Three days later he and Charlotte went straight from the hospital to Wes’s funeral. Saint kindly drove them after providing formal clothes for them to change into. The three of them were quiet on the way to the church, each absorbed in their own thoughts, Charlotte and King in their own memories of Wes. King’s chest felt like he couldn’t draw a full breath, the ache for his cousin was so strong. Added to the pain in his side, he couldn’t wait to get through this and back to Charlotte’s, to fall asleep not in separate beds but one, his arm around her—carefully, since they’d both been shot on the same side. They’d make it work, though. Not being able to lie beside one another had been agony the past few days.
But all that would have to wait a few more hours. Wes needed them first.
The massive downtown church was already full when they arrived. Of course it would be. Not only was Wes from a prominent, wealthy Atlanta family, but he’d been active in the community, in charities, and everyone who’d met him had loved him. King led Charlotte inside, careful to protect her from jostling in the crowd.

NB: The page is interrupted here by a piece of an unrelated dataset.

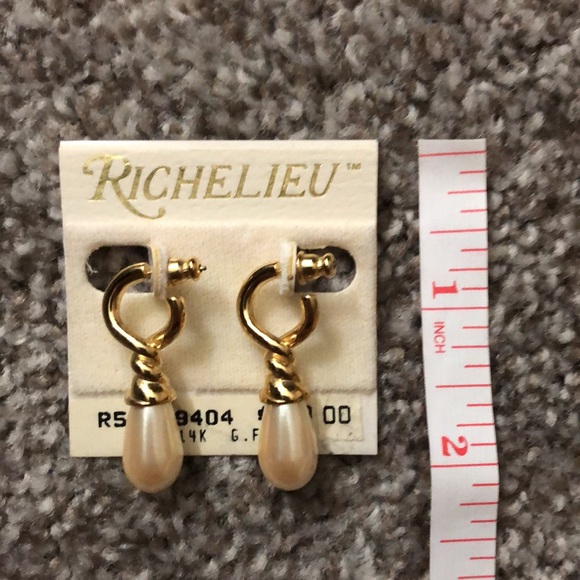 Vintage NWT Richelieu 14K Gold Earrings Pearl Drop - Picture 4 of 5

The church narthex was quieter, giving them some breathing space, and King stopped at the entrance to the sanctuary, his gaze centered on the coffin, gleaming dark mahogany, that waited at the altar.
Charlotte placed her hand on his heart, her face reflecting the pain he also felt.
He’d expected to visit Wes in a church someday. For his cousin’s wedding, maybe, or the christening of his first child. Not his funeral. Definitely not this. The hole where his cousin had fit in his heart was empty, gaping, and he didn’t know if it would ever heal. When he noticed Warren and Christy at the head of the aisle, greeting the mourners, he knew they must feel the same.
He and Charlotte walked slowly toward them, taking their time. Although Charlotte’s injuries hadn’t been as complicated as King’s, her body was so much smaller and she was struggling with pain more than he was. Wes’s parents watched them come, worry on both their faces, but King gave them a sad smile. They had enough to worry about, enough devastation to their family as it was; they didn’t need to worry about him and Charlotte as well.